Tinks Pottinger

Personal information
- Born: Judith Anne White 26 April 1956 (age 70) Waipawa, New Zealand
- Height: 167 cm (5 ft 6 in)
- Weight: 63 kg (139 lb)

Sport
- Country: New Zealand

Medal record
Equestrian
Representing New Zealand
Olympic Games
| Bronze medal – third place | 1988 Seoul | Team eventing |

= Tinks Pottinger =

New Zealand equestrian

Judith Anne Pottinger (née White; born 26 April 1956), known as Tinks Pottinger, is a New Zealand horsewoman who won a bronze medal at the 1988 Summer Olympics in Seoul. Pottinger, riding Volunteer, was in the New Zealand three-day event team which finished third, along with Andrew Bennie, Margaret Knighton and Mark Todd. In the individual three-day event at the same Olympics, she finished fifth.

Pottinger continued to compete in eventing until the late 1990s.

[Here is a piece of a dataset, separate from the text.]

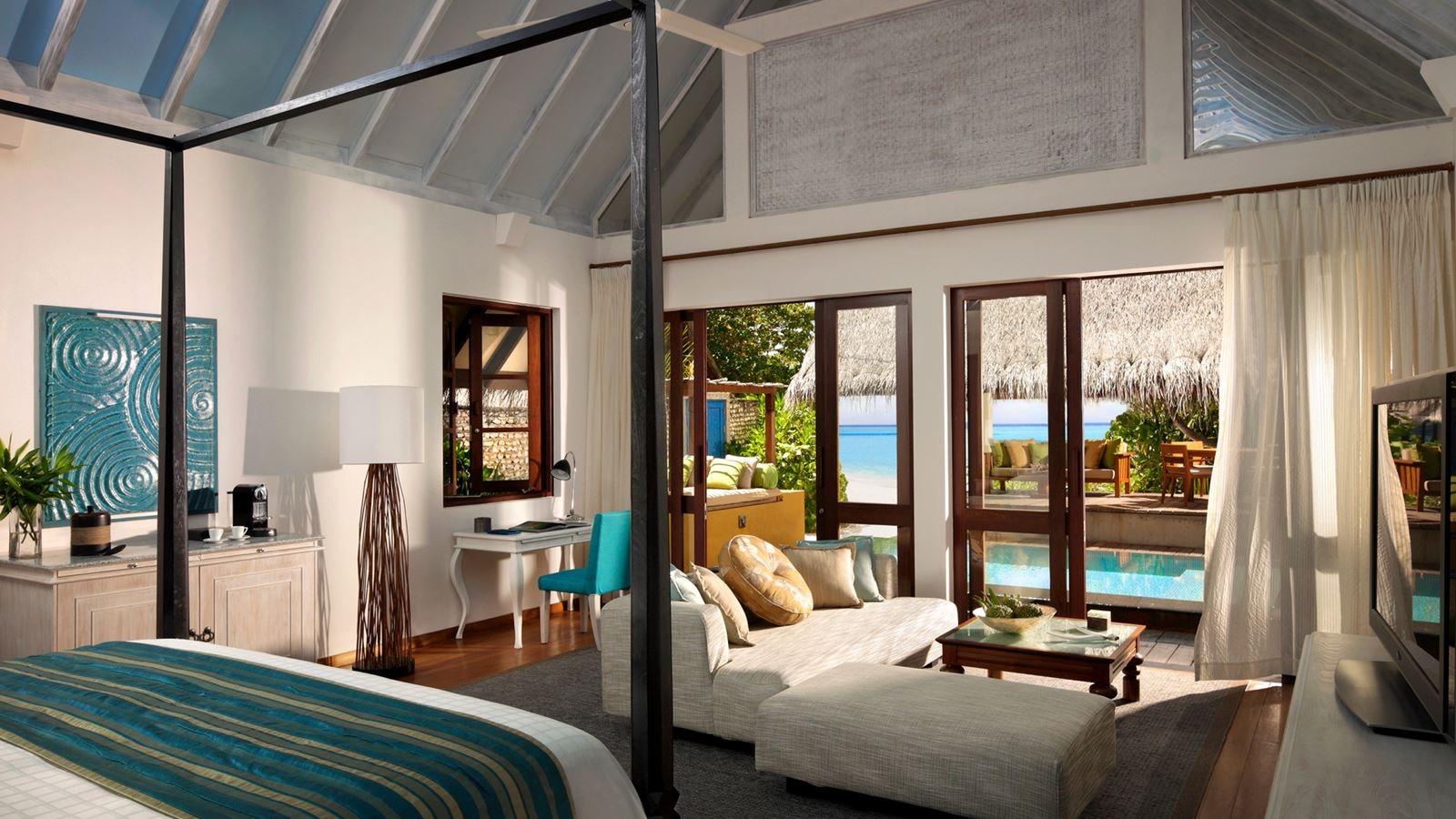 rooms-twobedroom-oceanfront-bungalow-with-pool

Pottinger was born in Waipawa on 26 April 1956, the daughter of Helen "Tiny" White (née Groome), a noted horsewoman and FEI judge, and Eric White. She was educated at Woodford House and Wellington Polytechnic. In 1983, she married Andy Pottinger, and the couple went on to have two children, including Amanda Pottinger, who has won the New Zealand three-day event championship.